1a.Objectives (from AD-416):
We will evaluate the performance of selective insecticides against vine mealybug and determine compatibility with natural enemies. We will measure the relative toxicities of the new generation of reduced-risk insecticides and establish a baseline as part of a resistance management program.
1b.Approach (from AD-416):
We will evaluate the impact of various reduced-risk insecticides on vine mealybug infestations and on its natural enemies. Both field and laboratory work will be involved to determine insecticide efficacies and management potential of various treatment regimens. Documents Reimbursable with UC Riverside (CDFA). Log 39849.Formerly 5347-22620-020-02R(11/10).

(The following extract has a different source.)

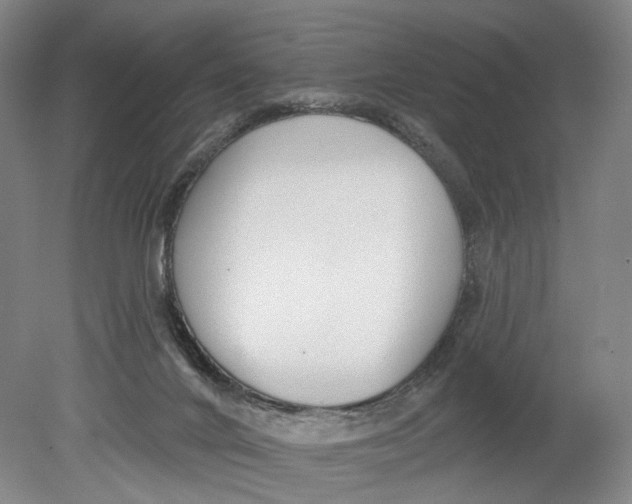 X0000080770024200701051313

This is the final report for project 5347-22620-021-02R. This Reimbursable Agreement is in support of Objective 5– Refine insecticide-based management strategies; characterize factors influencing resistance to chemical insecticides and insecticidal proteins in transgenic crops; evaluate insecticide selectivity; support post-eradication pink bollworm resistance monitoring in Bt cotton, of the approved in-house project. Infestations of the vine mealybug, Planococcus ficus, have spread throughout table, raisin and wine grape growing regions of California, representing one of the biggest challenges to grape production in the state. The vine mealybug is cryptic, spending much of its time feeding beneath the heavy bark of grapevines. This feeding habit increases the difficulty of control efforts using conventional spray insecticides. If available selective insecticides can penetrate bark through volatilization, or are transported systemically within grapevines, they may offer chemical control options against vine mealybug that are less disruptive to beneficial insects than conventional insecticides. The efficacy of selected reduced-risk insecticides against vine mealybug was examined in five field trials in table grapes in Kern County, CA. A commercially-available formulation of spirotetramat proved most effective at reducing vine mealybug infestations below economic levels, requiring only a single treatment. Other evaluated materials provided lower levels of control even when used as components of a season-long regimen with other insecticides. Two of the materials evaluated (imidacloprid and thiamethoxam) were in the neonicotinoid class, which are widely-used systemic insecticides. Their concentration in grapevine tissues was monitored throughout the season. Recovery of these materials was highly variable among trials, possibly because of different soil types at each study site. These results will be used by producers and consultants to select and implement effective controls for this important pest of grapes.